Title: Composition, Colonization, and Succession of Trematode Parasites in Estuarine Snail Populations
Date: 06/2019 – 08/2022
Principal Investigators: Lauren Dykman
Affiliation: Woods Hole Oceanographic Institution
Email: ldykman@mit.edu
Summary: Hosts function as patchy islands of habitat for parasites. The balance between the colonization and extinction of parasites on individual hosts helps determine the abundance of parasites in host populations. Parasite-host systems, therefore, are useful model systems for understanding how colonization, competition, and habitat age (in this case the age of the host) influence the number, distribution, and turnover of species in island-like systems.

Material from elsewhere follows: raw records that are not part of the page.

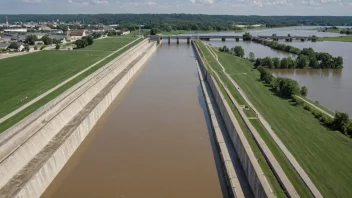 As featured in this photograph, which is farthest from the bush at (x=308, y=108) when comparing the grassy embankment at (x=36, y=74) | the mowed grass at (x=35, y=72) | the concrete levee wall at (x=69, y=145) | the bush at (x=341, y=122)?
the mowed grass at (x=35, y=72)

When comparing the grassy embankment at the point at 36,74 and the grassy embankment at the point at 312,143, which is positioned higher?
the grassy embankment at the point at 36,74

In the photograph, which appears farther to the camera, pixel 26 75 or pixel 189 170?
pixel 26 75

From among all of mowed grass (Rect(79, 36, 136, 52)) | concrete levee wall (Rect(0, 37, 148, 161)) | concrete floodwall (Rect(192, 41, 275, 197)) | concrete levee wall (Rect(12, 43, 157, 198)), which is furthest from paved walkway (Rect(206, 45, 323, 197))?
mowed grass (Rect(79, 36, 136, 52))

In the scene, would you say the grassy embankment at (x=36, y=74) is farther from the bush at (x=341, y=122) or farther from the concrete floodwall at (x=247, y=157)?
the bush at (x=341, y=122)

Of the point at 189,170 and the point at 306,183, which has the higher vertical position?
the point at 306,183

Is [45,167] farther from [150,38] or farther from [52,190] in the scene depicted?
[150,38]

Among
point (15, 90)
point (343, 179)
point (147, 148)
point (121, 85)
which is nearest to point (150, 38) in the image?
point (121, 85)

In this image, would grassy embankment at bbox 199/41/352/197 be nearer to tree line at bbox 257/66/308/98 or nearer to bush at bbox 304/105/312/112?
bush at bbox 304/105/312/112
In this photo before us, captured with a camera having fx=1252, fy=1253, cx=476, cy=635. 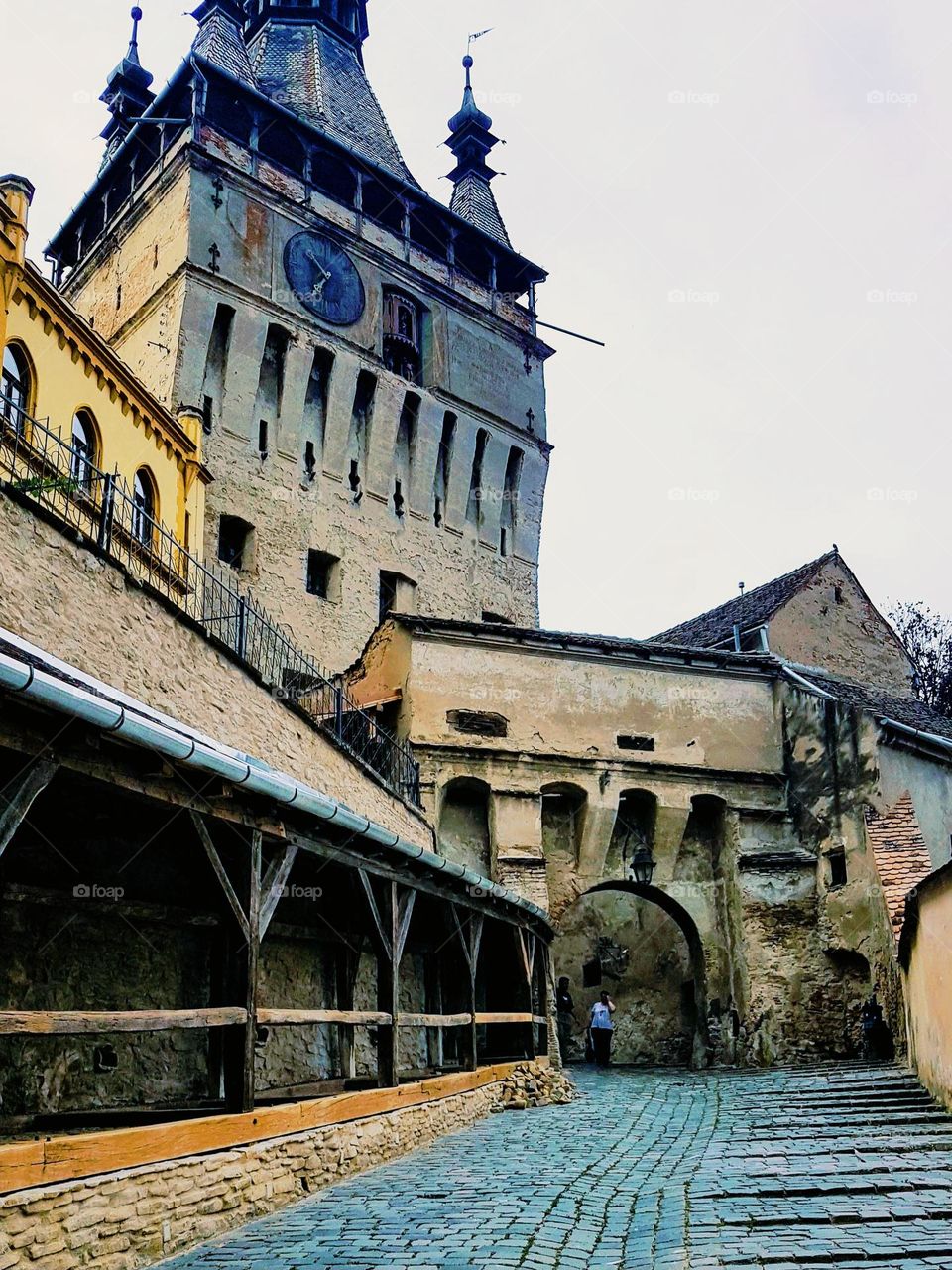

I use a combination of field and laboratory experiments to understand how features of Eastern Mudsnail (Tritia obsoleta) populations (i.e., distribution, movement, and size structure) interact with the biology of their trematode parasites (i.e., colonization and competition) to determine patterns in parasite composition in snail populations in a range of estuaries, including Waquoit Bay.
In New England, nine trematode species use the Eastern Mudsnail as a first host. These worms impact the snail host in a number of ways – they can change its behavior, and they also destroy its reproductive tissue, leaving the snail host sterile. My research provides important information on the dynamics of estuarine parasites in this system, which can lead to insight on ecosystem health. Since trematodes use multiple hosts from a broad range of taxa to complete their life cycle, the presence of more parasite species is a useful indicator of diverse estuarine community overall. This work also has broader application to successional and metacommunity theory, by testing fundamentals of how biological and habitat processes shape species composition in landscapes with isolated habitat patches.